House debates

Wednesday, 28 February 2007

Questions without Notice

Employment

2:33 pm

Photo of Joe HockeyJoe Hockey (North Sydney, Liberal Party, Minister Assisting the Prime Minister for the Public Service) Share this | Hansard source

I thank the member for Blair for his question and note that in 1996, when the Labor Party was last in government, unemployment in Blair was 9.4 per cent; today it is 5.2 per cent, and that is a great story. There are 1.9 million small businesses in Australia. The number has grown by 700,00 since 2001 and, encouragingly, the number of small businesses employing people has increased by 31 per cent in the last three years.

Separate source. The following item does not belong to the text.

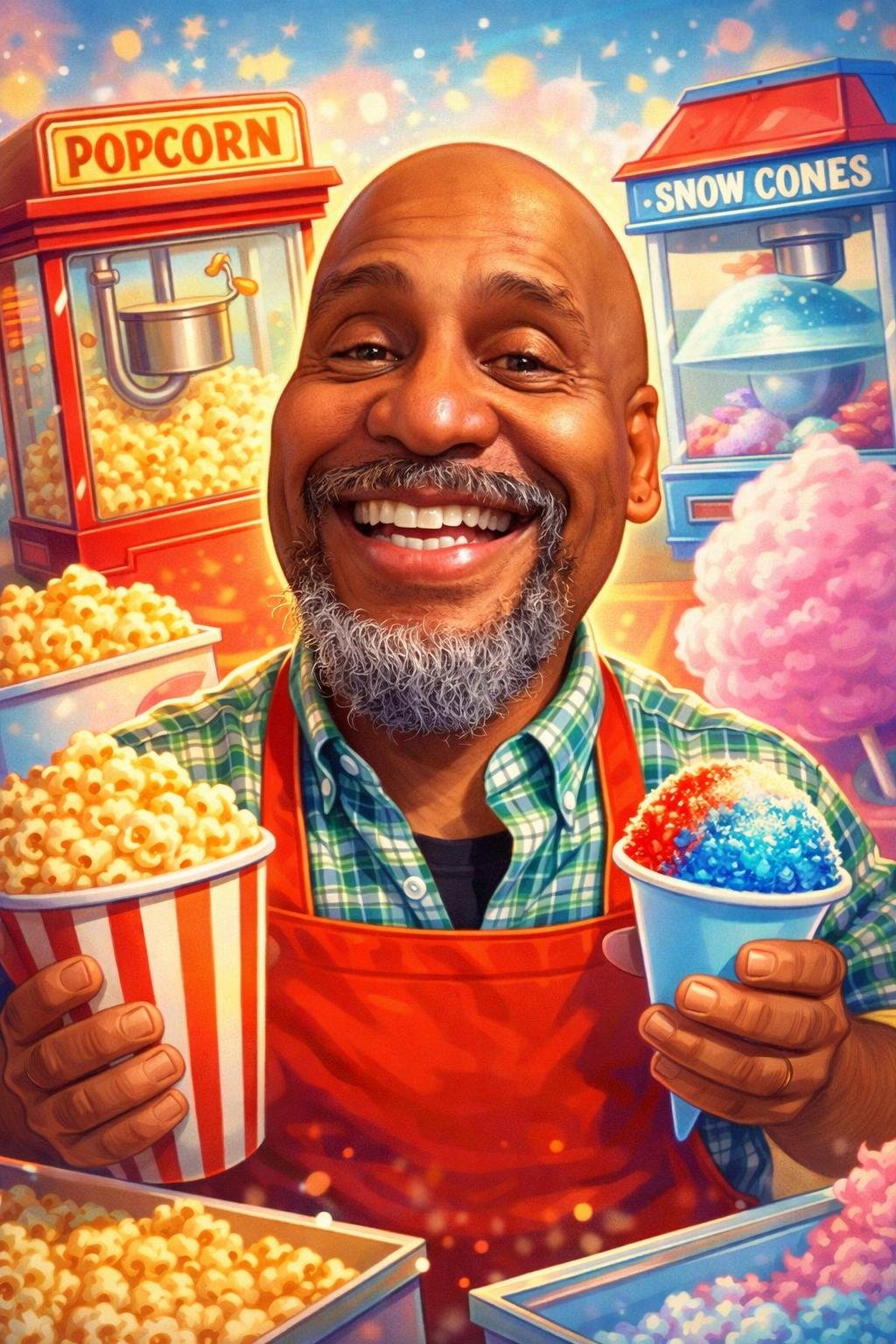 G-Pop's Events & Creations Owner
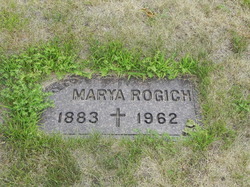 Marya Rogich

We all know that the Labor Party’s job-destroying unfair dismissal laws were a major impediment to small business employing more people, so this morning I picked up the Australian and had a look at this article: ‘Labor won’t turn back IR clock.’ I thought to myself: ‘Wow! This is significant.’ I looked at a key quote from the member for Rankin and it said:

It is small businesses, not political parties, that make the hiring decisions.

I thought: ‘That’s reasonable. Hooray!’ The Labor Party gave me a bit of a hard time in this place when I said that business creates jobs, not government. So finally they are starting to see the light. In the article, the member for Rankin said:

... small business owners could not afford the time or expense of being dragged off to tribunals by ‘ambulance-chasing agents representing frivolous or vexatious claims of unfair dismissal’.

He went on to say:

Such claims were often designed to extract ‘go-away money.’

I said: ‘That’s exactly what we believed.’ We have been saying that for 10 years and, on the 44 occasions that the Labor Party voted in favour of the unfair dismissal laws and against small business, they never said this. I started to choke on my wheaties at this stage.